May 27, 2026
Rattlesnake Lake, Winter Haven: The $50,000 Name Change
A Winter Haven developer spent roughly $50,000 in legal fees to wipe the word "Rattlesnake" off the map and call the water Lake Ashton instead — and then started working on the actual Rattlesnake Lake next door

The 86-acre private lake in Winter Haven that still shows up on the Polk County Water Atlas as Rattlesnake Lake has a neighbor that used to share the name. The neighbor is now called Lake Ashton. The reason it isn't called Rattlesnake anymore is that a developer named Maxwell spent about $50,000 in legal fees to change it.

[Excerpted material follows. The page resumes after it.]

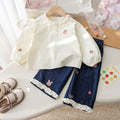 Girls' Cartoon Embroidered Shirt & Jeans 2-Piece Set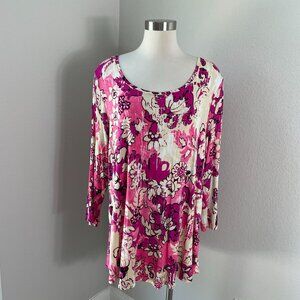 JM Collection Womens Plus 2X Pink Floral 3/4 Sleeve Stretch Tunic Top Shirt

That's the whole story, and it's a stranger story than it sounds. You don't usually pay a five-figure legal bill to rename a lake. You file a request, the right boards consider it, and either it happens or it doesn't. Maxwell's bill suggests it didn't go smoothly. By the time it was done, the lake had a new name, the gated community on its shoreline had a sellable identity, and Maxwell — according to his own account in The Ledger — wasn't sure he'd do it again. He called it an involved process.
What makes this worth telling isn't the renaming itself. Plenty of Florida lakes have shed older names for prettier ones. It's that the same developer, having gone through all that to escape the word "Rattlesnake," then turned around and started developing the actual Rattlesnake Lake next door. The one that kept its name. The one still listed in the state's water body database under WBID 1590C, 86 acres, private, in Winter Haven.
So there are now two adjacent lakes in southwest Polk County telling two different stories about the same word. One was scrubbed clean at considerable expense. The other was left alone. The marketing logic that justified $50,000 in legal fees on the first parcel apparently didn't apply to the second — or the second was far enough along, or small enough, or private enough, that the cost-benefit math came out differently.
There's a longer history sitting underneath all of this. Rattlesnake as a Florida lake name isn't decorative. The Orlando Sentinel, writing in 2002, noted an 1895 map of Orange County that already showed a Rattlesnake Lake east of the South Florida Railroad tracks running through Longwood and Altamonte Springs. The snakes were a fact of the landscape before the surveyors got there, and the surveyors wrote down what the locals told them. Polk County's Rattlesnake Lake fits the same pattern — a working name attached to a piece of water by people who had reason to know what lived in the scrub around it.
Winter Haven has spent a century turning that older Florida into something else. Cypress Gardens opened on Lake Eloise in 1936 and showed the rest of the country what the chain of lakes could be made to look like with enough landscaping and enough water-ski choreography. Rattlesnakes themselves became a roadside attraction elsewhere in the state — milked for venom at roundups, raced against gopher tortoises at festivals. The animal stayed; the name became something developers preferred to work around.
Maxwell's $50,000 is the price of that preference, made visible. It's what it costs, in legal time and filings and procedural patience, to detach a piece of waterfront from a word that's been attached to it since at least the 1890s. Lake Ashton sells houses. Rattlesnake Lake doesn't, or doesn't sell the same houses to the same buyers, or doesn't fit on the gate sign the same way.
The lake that kept the name is still there, 86 acres, fed and bordered the way it always was, recorded in two regional water atlases under the same designation. Maxwell's second project, the one on Rattlesnake itself, is the part of the story that's still being written on the ground. Whether that lake eventually gets renamed too — whether the math changes once the houses are built and the marketing begins — isn't in the record yet. For now there are two lakes side by side, one with a developer's name and one with the older one, and a roughly $50,000 gap between them.